Wat zijn de grootste veranderingen die het FSLN heeft doormaakt?

 

Ik denk dat, zoals alle partijen, elke partij evolueert, want geen enkele partij kan gestagneerd blijven. Het frente is een politieke partij geworden, een revolutionaire politieke partij. Enkelen bleven in de strijd, anderen gaan meer vooruit, sommigen gaan door tot het einde. Het frente heeft enkele veranderingen ondergaan binnen de partijleiding. Na 1990 verlieten enkelen vrijwillig de partij, ze hadden geen reden meer om bij de revolutie te zijn, omwille van de electorale nederlaag van 1990. Sommigen, anderen gingen studeren in het buitenland, bij de gringo’s, zoals Luis Carrion. Anderen, zoals Henry Ruiz, vertrokken in 1995, met de Movimiento Renovadora Sandinista, met als doel het leiderschap van Daniel Ortega weg te nemen. Dit is hetzelfde als wat vandaag gebeurt met Herty, ze verlaten het frente, en vormen een andere beweging. Het is iets vergelijkbaar aan toen, om het leiderschap van Daniel over te nemen. Zij zijn niet hetzelfde, want hij is gebleven en heeft een constant leiderschap gegeven.

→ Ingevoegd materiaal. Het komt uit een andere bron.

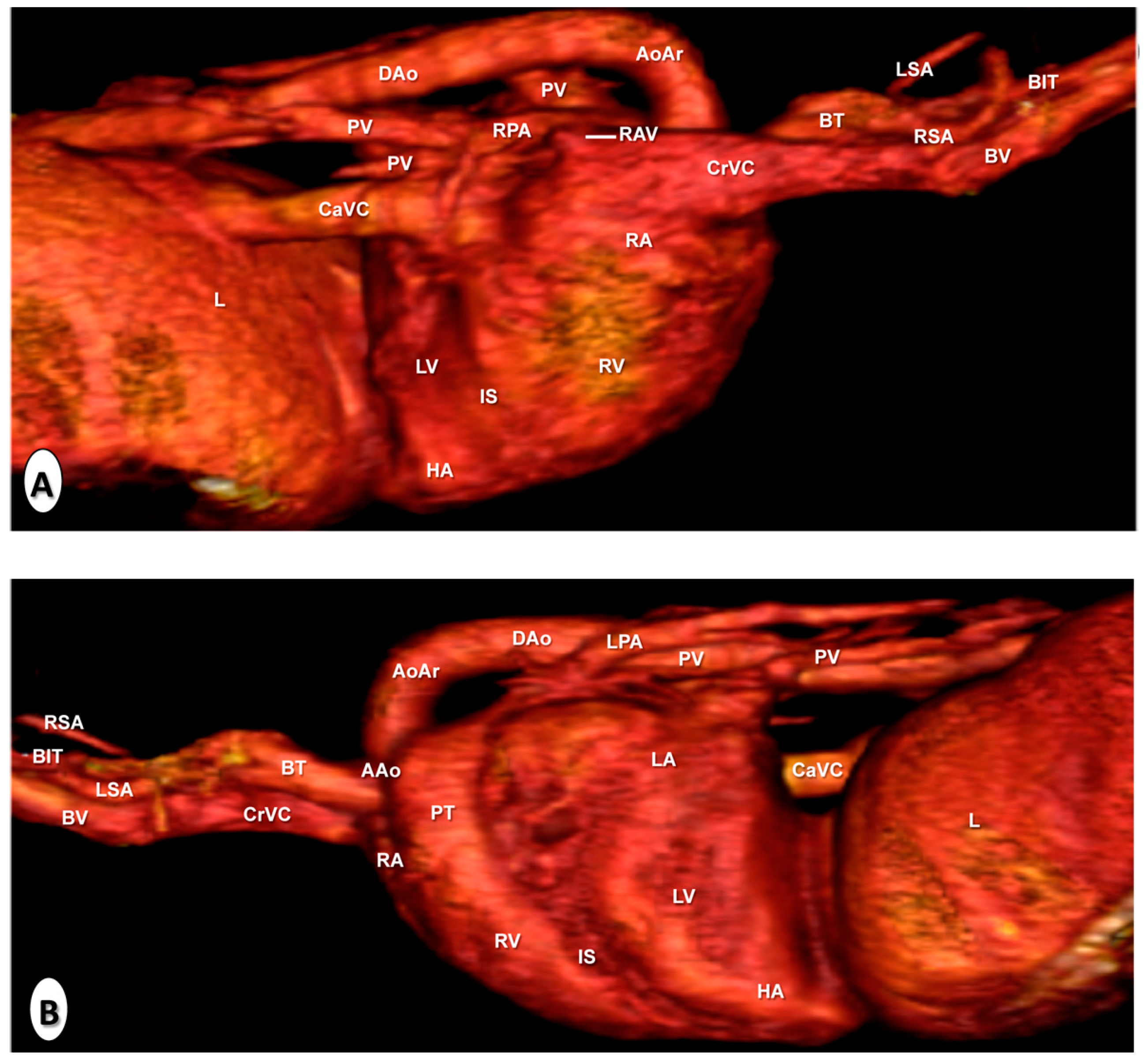 Animals 10 01045 g009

We zijn nu een zeer georganiseerde partij, het is niet meer zoals in de jaren tachtig. Er zijn nog steeds heel veel mensen betrokken in het frente, maar de situatie is veranderd. We moeten ons structureel organiseren om de macht te winnen via de burgerlijke weg, via verkiezingen. We hebben ons al bewezen, want we zijn de meest georganiseerde partij en de meest gedisciplineerde partij in dit land.

 

En ik hoor soms dat er een tekort is aan interne democratie binnen de partij. Wat denkt u daarover?

 

Ik denk dat dit ook weer een situatie is waarbij dezelfde communicatiemedia proberen te manipuleren. Dit om de politiek aan andere mensen op te dragen.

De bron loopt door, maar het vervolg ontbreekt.